II. Opposition was filed against the patent as a whole and based on Article 100(a) EPC (lack of inventive step). The Opposition Division held that the ground for opposition prejudiced the maintenance of the patent as granted having regard to the cited prior art and found that the patent as amended according to the Second Auxiliary Request filed on 2 February 1999 met the requirements of the EPC.
III. Oral proceedings were held before the Board of Appeal on 11 September 2001.
(i) Appellant 01 (hereinafter "the proprietor") requested that the decision under appeal be set aside and that
- the patent be maintained as main request as granted or
- on the basis of the set of claims 1 to 25 submitted as First Auxiliary Request on 11. August 2001, or
- the set of claims 1 to 24 filed as Second Auxiliary Request on 2 February 1999 or
- the set of claims 1 to 24 submitted as Third Auxiliary Request on 11 August 2001.

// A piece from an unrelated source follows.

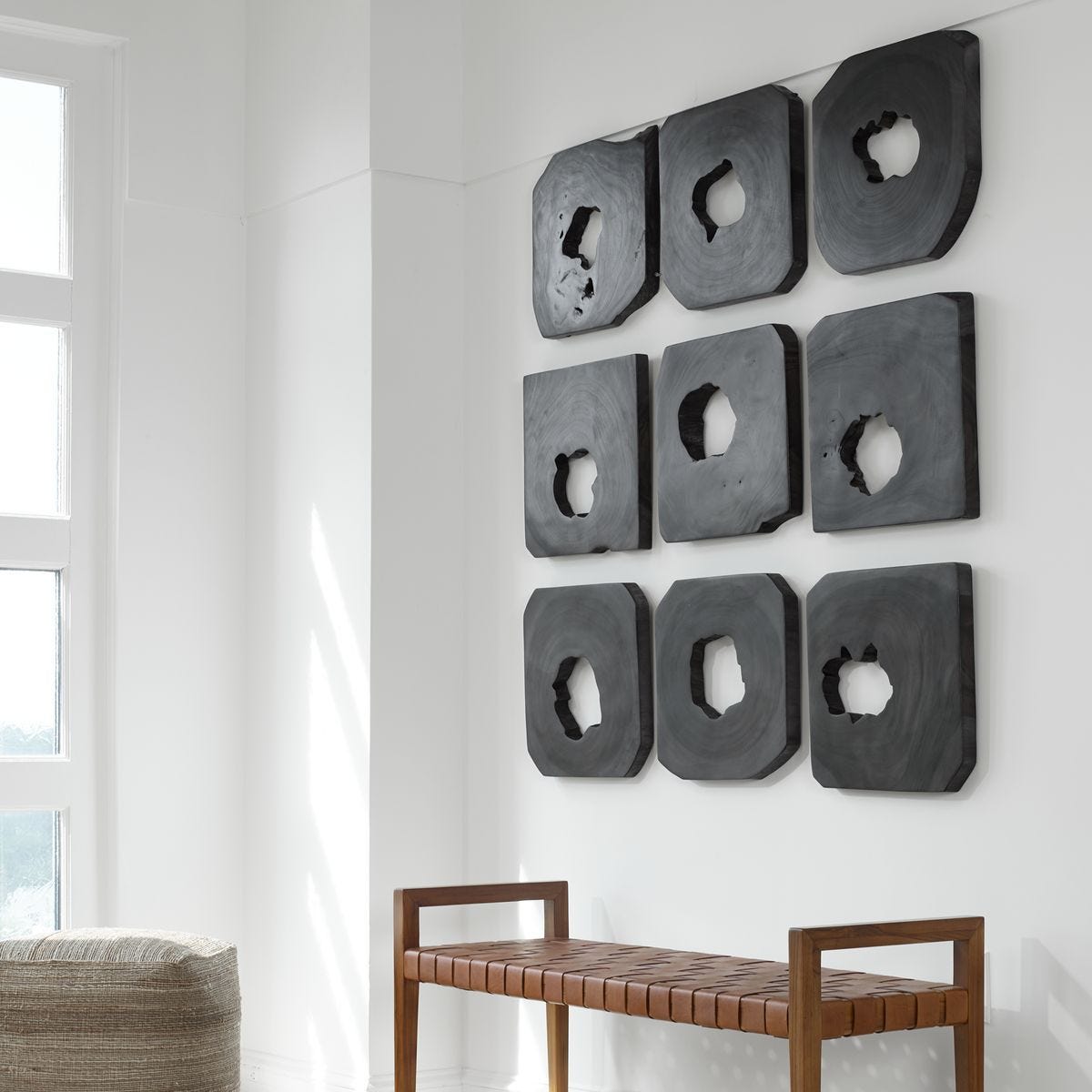 Bahati Wood Wall Decor, Ebony, S/9 - transform your walls with stylish wall decor | Image 1 | InSTYLE Home & Rugs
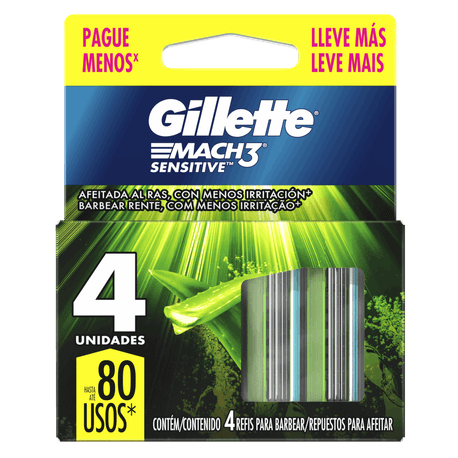 gillette mach 3 sensitive c/4 unidades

(ii) Appellant 02 (hereinafter "the opponent") requested that the decision under appeal be set aside and the patent be revoked.
IV. The independent claims 1 and 17 according to the patent in suit as granted read as follows:
"1. A process for creating a multicolor printed element having reduced color bleed comprising:
(a) providing at least one anionic ink and at least one cationic ink, both of said inks comprising an aqueous medium and a colorant, at least one of said inks containing approximately 0.1 to 30% by weight of a polymer having the same ionic character as said ink; and
(b) applying said anionic and cationic inks in contact with each other on said element."
"17. An inkset adapted for use together to minimize bleed, said ink set comprising:
(a) at least one anionic ink comprising an aqueous medium and a colorant, and
(b) at least one cationic ink comprising an aqueous medium and a colorant,
wherein at least one of said inks contains approximately 0.1 to 30% by weight of a polymer having the same ionic character as said ink."
V. With regard to the subject-matter of claims 1 and 17 of the patent in suit as granted, in particular the following documents have been referred to in the appeal procedure:
D1: US-A 5 198 023;
D3: JP-A 62-38155 with English translation filed on 9. July 1997; and
D10: Journal of Imaging Science, Vol. 35, No. 3, May/June 1991, pages 179 to 181.
VI. The opponent essentially argued as follows:
Document D1, which represented the closest prior art, suggested a process for alleviating colour bleed in ink printing systems. That problem was solved by the use of an ink system comprising an anionic ink and a cationic ink and by adding a precipitating agent in the form of a multivalent salt to the cationic ink.
Document D3 disclosed a process for alleviating ink blurring and making water based ionic inks water resistant by applying a precipitating agent. It particularly taught that multivalent salts or ionic polymers were suitable precipitating agents.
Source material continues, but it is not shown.